Thursday, July 14, 2011

Tate's Chocolate Chip Cookies


These cookies are DE-licious.  There is lots of butter, tons of chocolate chips, and they are flat enough that you don't feel guilty eating 4 or 5 in one sitting.  Not that I did that or anything.

What you will need:
2 cups of all purpose flour
1 teaspoon of baking soda
1 teaspoon salt
1 cup of salted butter (2 sticks)
3/4 cup of granulated sugar
3/4 cup of dark brown sugar, packed
1 teaspoon of water
1 teaspoon of vanilla
2 eggs
2 cups of semisweet chocolate chips

Sift together your flour, baking soda, and salt.  Set the bowl aside for now.  With a mixer, cream your butter and sugars until light and fluffy.  Add the water and vanilla and mix real quick.  The key to these cookies is not to over mix.  If you do, you will incorporate air and it will make them fluffy.  You want flat cookies.

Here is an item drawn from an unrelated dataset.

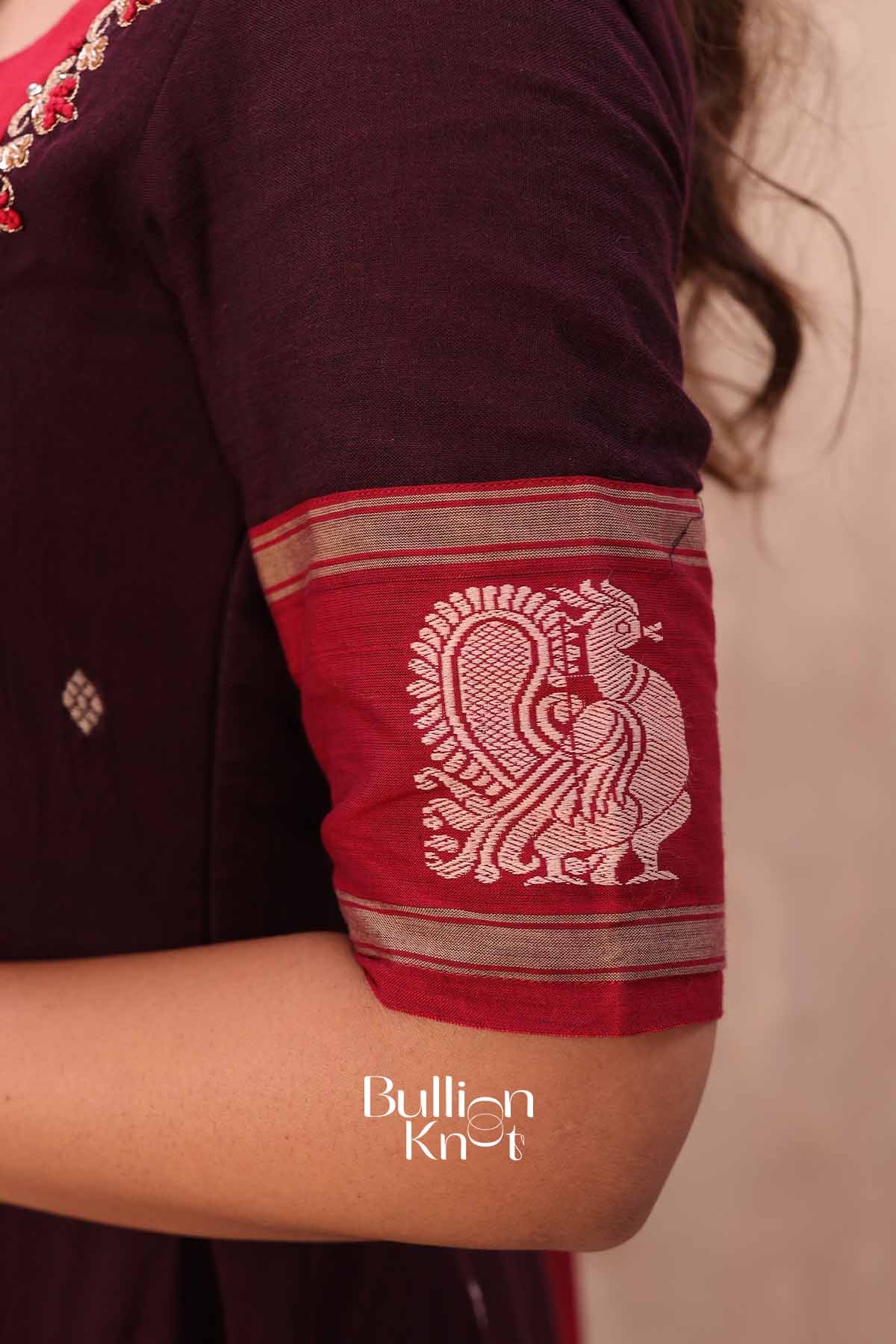 Korvai | Maroon Handloom Cotton Suit Set | Everyday Ethnic & Festive Wear
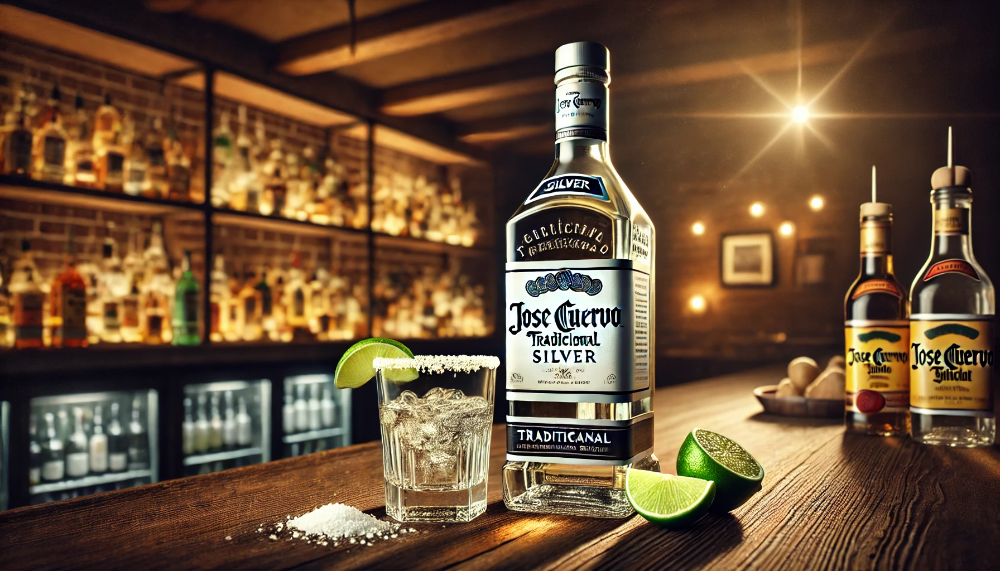 Пляшка текіли Jose Cuervo Tradicional Silver на дерев'яній барній стійці, поруч склянка з текілою, лаймові часточки та сіль.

Add the eggs and mix until just combined.  Stir in the flour mixture and again...mix until just combined.  Fold in the chocolate chips.  Drop the cookies on a baking sheet and bake for 12 minutes at 350 degrees.    I should have baked mine longer because the recipe calls for brown edges and center.  So it all depends on how soft you like your cookies.  Have fun!